Customer satisfaction is also based on customer knowledge, specifically the knowledge from the customer (Aghamirian et al., Citation2015). “The knowledge from the customer is about products, suppliers and markets” (Aghamirian et al., Citation2015) and “customer trends and future needs, and ideas for product innovation” (Desouza & Awazu, Citation2005). For the requirements of this research it was narrowed down to knowledge about products (product knowledge), i.e., it surveyed how well the respondents actually knew the product.

“The literature identifies two types of satisfactions: transactional and overall (or cumulative) satisfaction” (Spiteri & Dion, Citation2004). Transactional customer satisfaction can be defined as evaluating a specific purchase after its implementation (see Hunt, Citation1977; Oliver, Citation1980, Citation1993). Transactional satisfaction is short-term, is based on the evaluation of one purchase, is narrowly focused on the purchased product and is subjective within the aforementioned definition of customer satisfaction. It also applies to new customers who, however, focus on different attributes compared with customers with repeated experience of a product (Wangenheim, Citation2003).

Conversely, cumulative customer satisfaction can be defined as the overall experience with a purchase, known as general satisfaction (see Fornell, Citation1992; Johnson & Fornell, Citation1991). Cumulative satisfaction can be understood as long-term and is based on repeated purchase and on the customer’s overall experience with a product, including an evaluation of the selling or providing parties ( i.e., not only the producer but also the seller). Therefore, this definition of customer satisfaction is wider and falls within the definition of satisfaction as it was understand in this research.

Customer loyalty is defined by Oliver (Citation1997) as the willingness of consumers to buy a product from the same producer regardless of outside factors (e.g., marketing) which could lead the consumer to a change in product (producer) (Li, Green, Farazmand, & Grodzki, Citation2012). More specifically, consumer loyalty can be defined as attitude and behaviour (Rai & Medha, Citation2013). Customer loyalty can be understood as a two-dimensional variable, which can be researched as each dimension separately or as both dimensions together (see Kwong & Candinegara, Citation2014). This research focused on the behavioural dimension. Behavioural loyalty is measured by three variables: repurchase intentions, switching intentions and exclusive intentions (Jones & Taylor, Citation2007).

3. Material and methods

The research used a questionnaire which was presented to the respondents – customers of the selected companies. The questionnaire contained twenty-eight scaled questions, from which twenty-four were finally used in the research. The specific questions, including the variables used, are shown in in the appendix.

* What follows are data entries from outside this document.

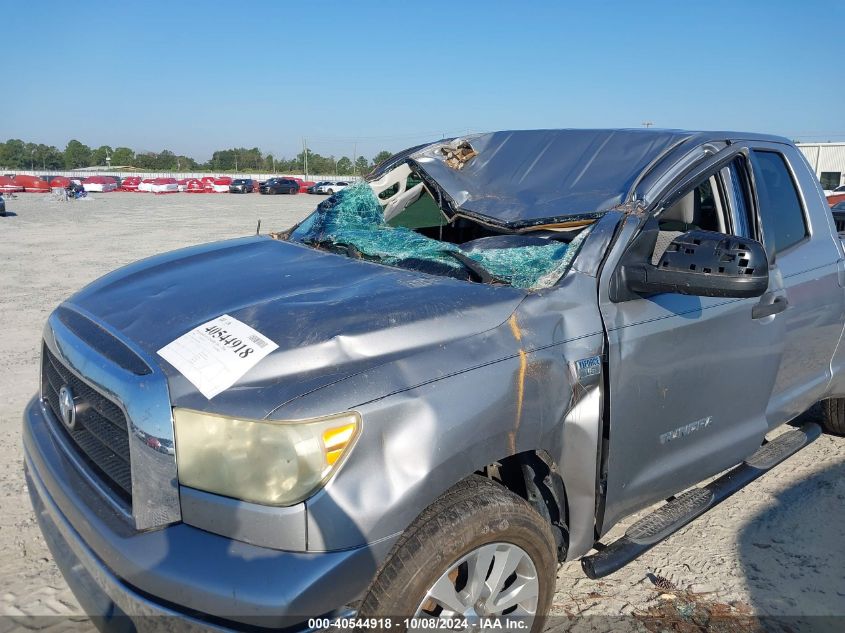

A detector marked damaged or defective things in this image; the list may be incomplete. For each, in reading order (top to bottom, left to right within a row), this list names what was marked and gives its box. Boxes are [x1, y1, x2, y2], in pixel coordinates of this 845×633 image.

shattered windshield [290, 180, 592, 288]
dented hood [398, 128, 696, 227]
dented hood [66, 237, 524, 414]
other wrecked vehicle [19, 127, 844, 628]
damaged toyota tundra [23, 127, 844, 628]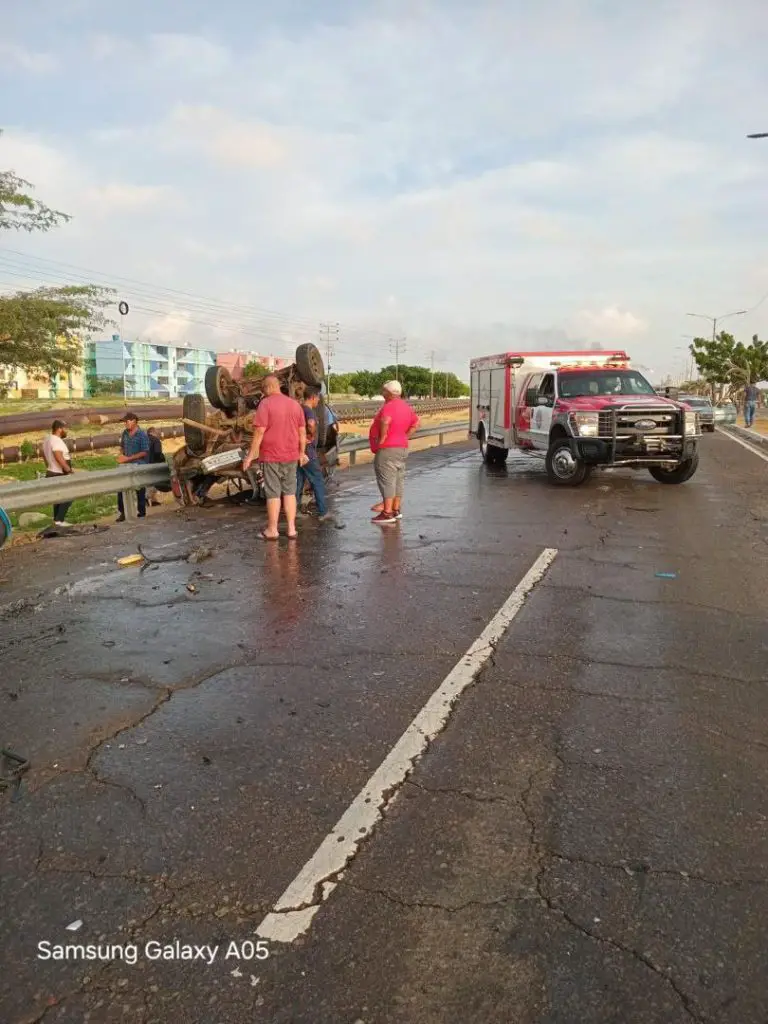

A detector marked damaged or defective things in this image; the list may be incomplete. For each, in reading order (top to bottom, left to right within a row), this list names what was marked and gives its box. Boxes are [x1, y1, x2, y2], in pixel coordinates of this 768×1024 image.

overturned vehicle [171, 342, 340, 506]
cracked asphalt [1, 434, 768, 1024]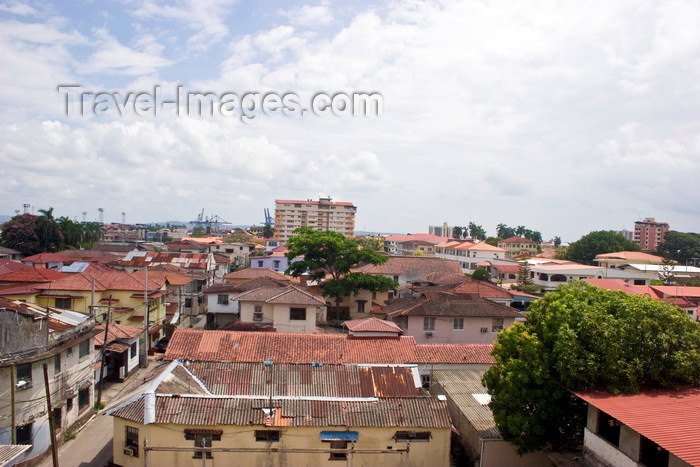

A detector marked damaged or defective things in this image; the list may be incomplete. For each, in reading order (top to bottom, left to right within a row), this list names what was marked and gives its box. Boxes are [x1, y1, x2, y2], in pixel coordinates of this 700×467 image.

rusty corrugated metal roof [576, 388, 700, 467]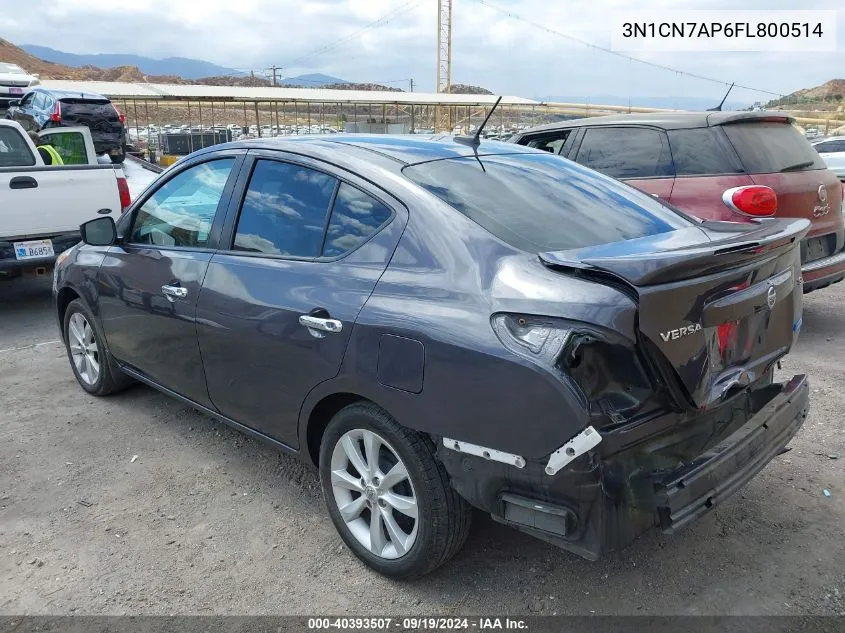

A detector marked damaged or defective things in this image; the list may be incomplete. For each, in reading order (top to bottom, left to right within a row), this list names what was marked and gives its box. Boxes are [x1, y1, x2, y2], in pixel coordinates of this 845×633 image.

exposed bumper bracket [442, 436, 528, 466]
exposed bumper bracket [548, 424, 600, 474]
damaged rear bumper [438, 372, 808, 560]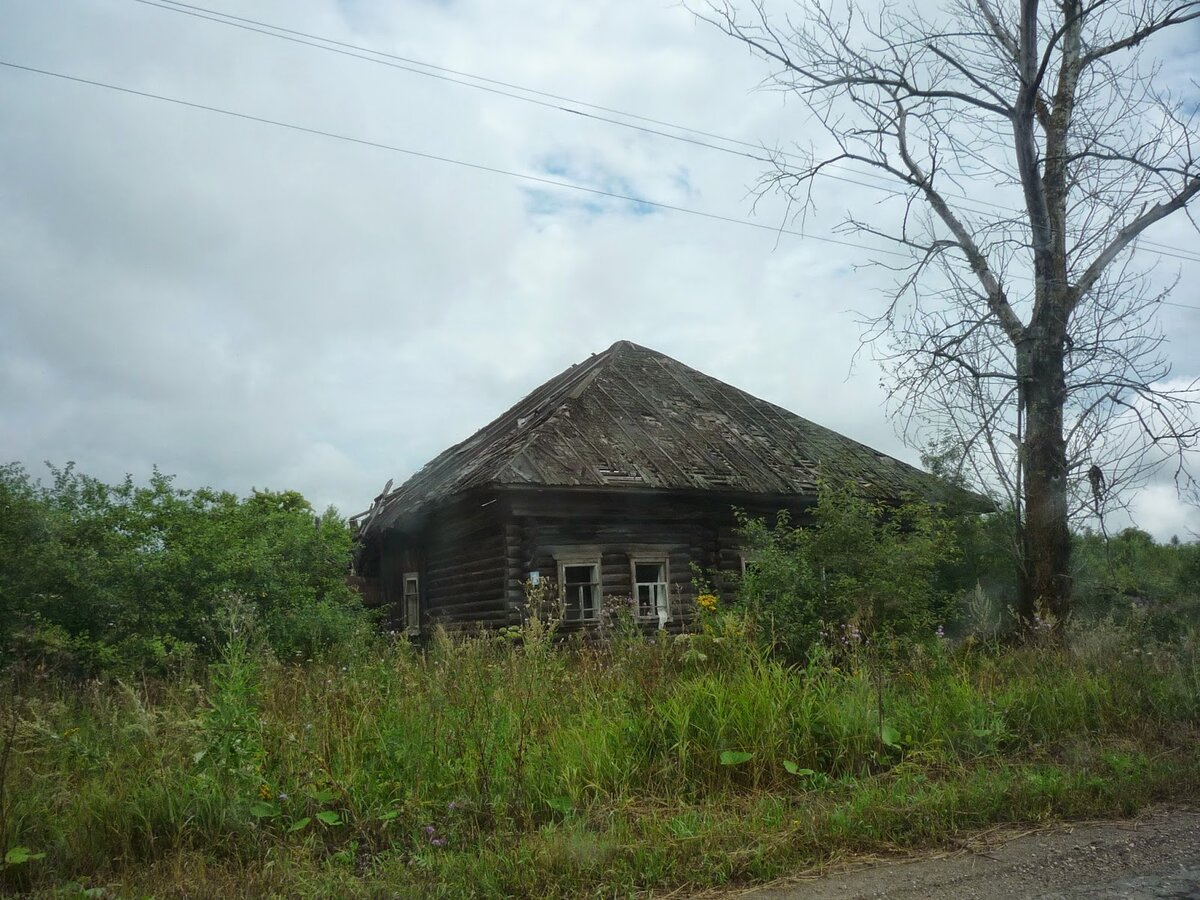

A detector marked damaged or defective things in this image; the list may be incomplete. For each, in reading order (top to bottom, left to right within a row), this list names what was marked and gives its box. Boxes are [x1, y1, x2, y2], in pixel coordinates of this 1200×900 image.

damaged roof section [357, 340, 964, 540]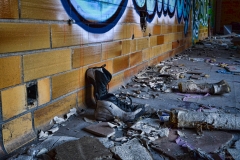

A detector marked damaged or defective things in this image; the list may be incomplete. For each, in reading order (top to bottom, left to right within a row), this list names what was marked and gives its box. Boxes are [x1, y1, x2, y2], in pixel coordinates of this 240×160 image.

broken ceiling tile [83, 121, 115, 138]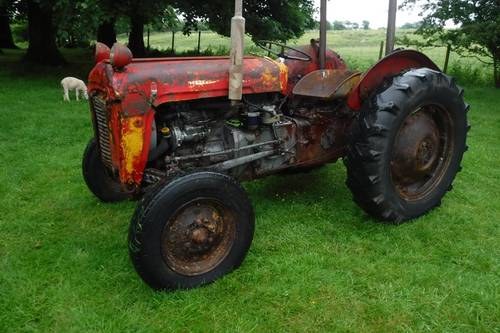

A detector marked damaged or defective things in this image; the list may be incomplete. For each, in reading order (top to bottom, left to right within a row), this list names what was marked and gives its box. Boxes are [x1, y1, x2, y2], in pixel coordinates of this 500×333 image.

rusty tractor body [82, 2, 468, 290]
rusty metal panel [292, 69, 360, 99]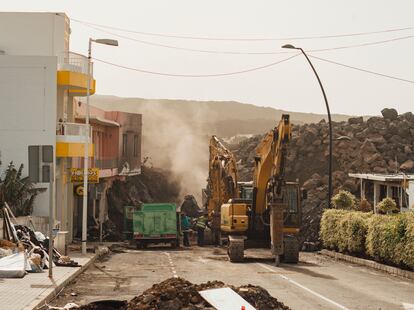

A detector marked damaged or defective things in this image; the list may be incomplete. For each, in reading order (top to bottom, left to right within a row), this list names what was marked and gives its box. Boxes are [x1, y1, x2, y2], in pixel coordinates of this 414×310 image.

damaged road [50, 246, 414, 308]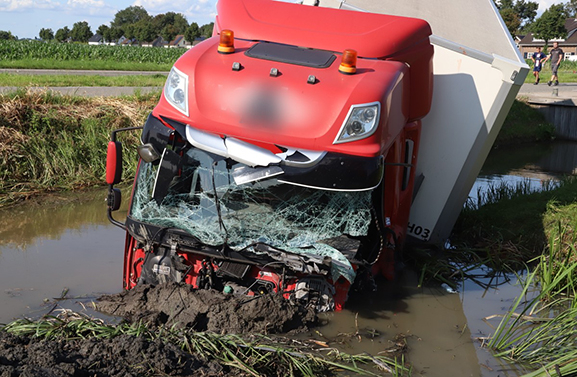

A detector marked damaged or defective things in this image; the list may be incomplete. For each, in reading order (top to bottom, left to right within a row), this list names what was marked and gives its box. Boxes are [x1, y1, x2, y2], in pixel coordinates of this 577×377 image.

shattered windshield [129, 145, 374, 280]
crashed truck [103, 0, 528, 310]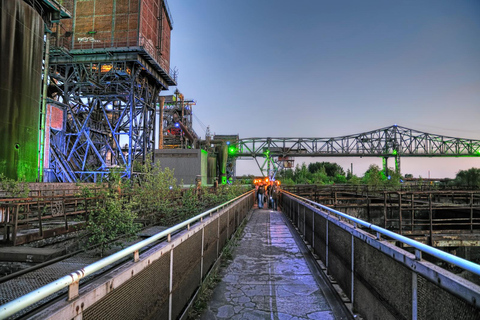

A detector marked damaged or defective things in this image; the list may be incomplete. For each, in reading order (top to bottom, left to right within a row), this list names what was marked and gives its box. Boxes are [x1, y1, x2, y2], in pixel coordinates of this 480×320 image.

rusted metal structure [0, 0, 69, 182]
rusted metal structure [43, 0, 176, 182]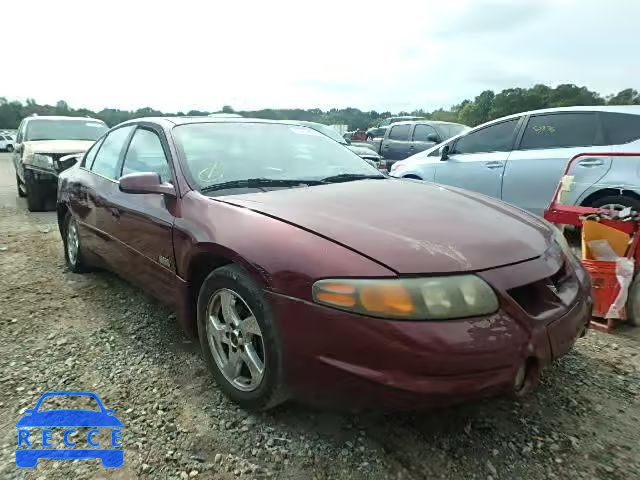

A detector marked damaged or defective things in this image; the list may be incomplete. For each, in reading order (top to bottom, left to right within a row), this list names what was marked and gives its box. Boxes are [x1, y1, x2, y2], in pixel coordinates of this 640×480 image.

damaged vehicle [12, 115, 107, 211]
damaged vehicle [57, 118, 592, 410]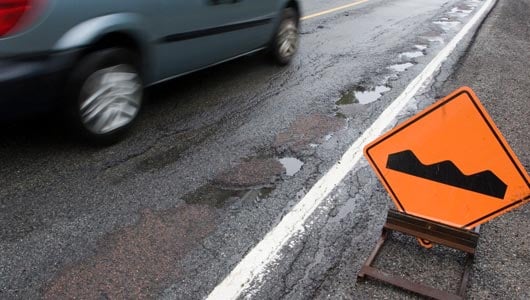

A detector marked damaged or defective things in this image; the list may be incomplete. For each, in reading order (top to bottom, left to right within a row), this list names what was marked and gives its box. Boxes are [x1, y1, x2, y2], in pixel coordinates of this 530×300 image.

rusty metal frame [356, 210, 476, 298]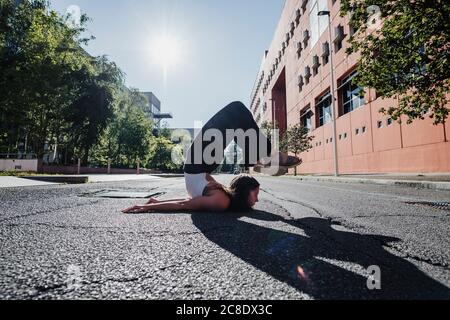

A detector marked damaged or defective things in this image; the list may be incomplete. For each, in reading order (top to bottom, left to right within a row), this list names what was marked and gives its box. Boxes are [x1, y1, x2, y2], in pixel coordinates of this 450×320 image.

cracked pavement [0, 174, 450, 298]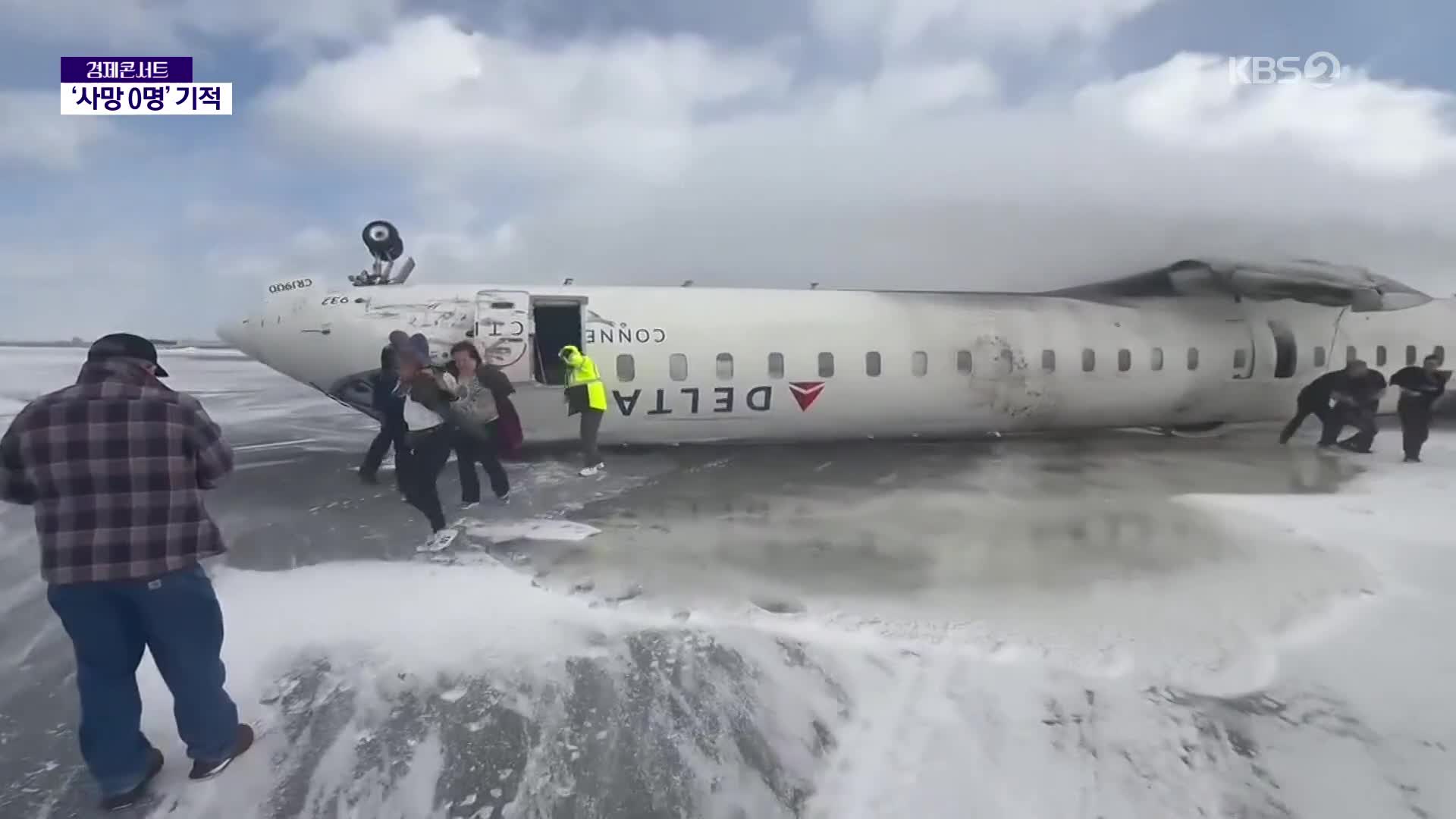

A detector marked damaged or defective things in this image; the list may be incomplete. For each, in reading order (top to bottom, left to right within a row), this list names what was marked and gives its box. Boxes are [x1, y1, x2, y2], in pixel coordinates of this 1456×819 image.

crashed airplane [215, 220, 1456, 443]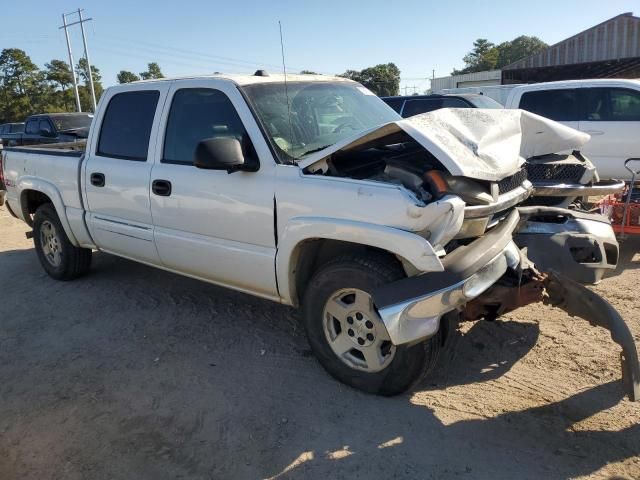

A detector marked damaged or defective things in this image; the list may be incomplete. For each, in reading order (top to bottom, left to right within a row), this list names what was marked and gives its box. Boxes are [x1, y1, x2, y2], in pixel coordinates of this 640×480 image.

crumpled hood [298, 109, 592, 182]
detached bumper piece [376, 210, 520, 344]
detached bumper piece [516, 206, 616, 284]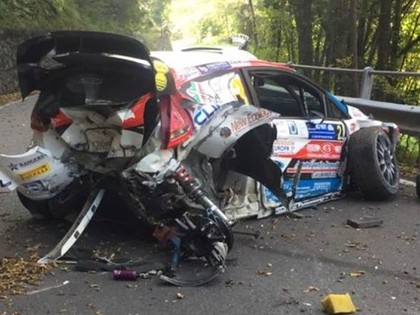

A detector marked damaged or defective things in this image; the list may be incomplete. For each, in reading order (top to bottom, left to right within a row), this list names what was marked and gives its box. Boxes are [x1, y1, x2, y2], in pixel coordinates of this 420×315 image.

detached car part on road [0, 31, 400, 286]
wrecked rally car [0, 31, 400, 286]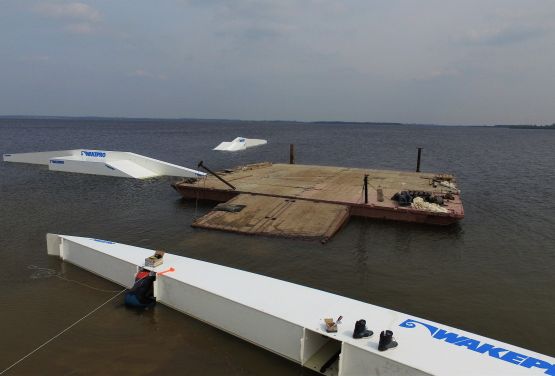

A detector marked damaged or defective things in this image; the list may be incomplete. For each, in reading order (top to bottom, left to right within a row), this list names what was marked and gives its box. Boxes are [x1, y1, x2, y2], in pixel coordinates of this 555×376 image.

rusted metal post [198, 162, 237, 191]
rusty barge deck [173, 162, 464, 241]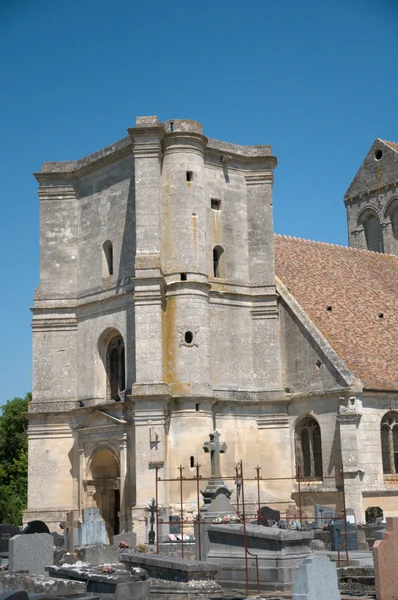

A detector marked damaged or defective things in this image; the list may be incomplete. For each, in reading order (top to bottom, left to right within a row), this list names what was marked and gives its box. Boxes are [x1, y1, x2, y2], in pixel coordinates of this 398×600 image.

Research often uses five- or seven-point scales (Cadotte, Woodruff, & Jenkins, Citation1987; Churchill & Surprenant, Citation1982), but 10-point scales are also used (Oliver Citation1997; Oliver, Rust, & Varki, Citation1997; Söderlund, Citation2006). Research has shown that correlation strength is connected to the width of the scale in the sense that a wider scale strengthens the discovered correlation (Frennea & Mittal, Citation2017). A wider scale thus enables the detection of the connections between variables which would not be shown in a narrower scale, and is, therefore, much more useful for the research objectives. As a result, it can be considered that the 10-point multi-item scale is acceptable and suitable for this research.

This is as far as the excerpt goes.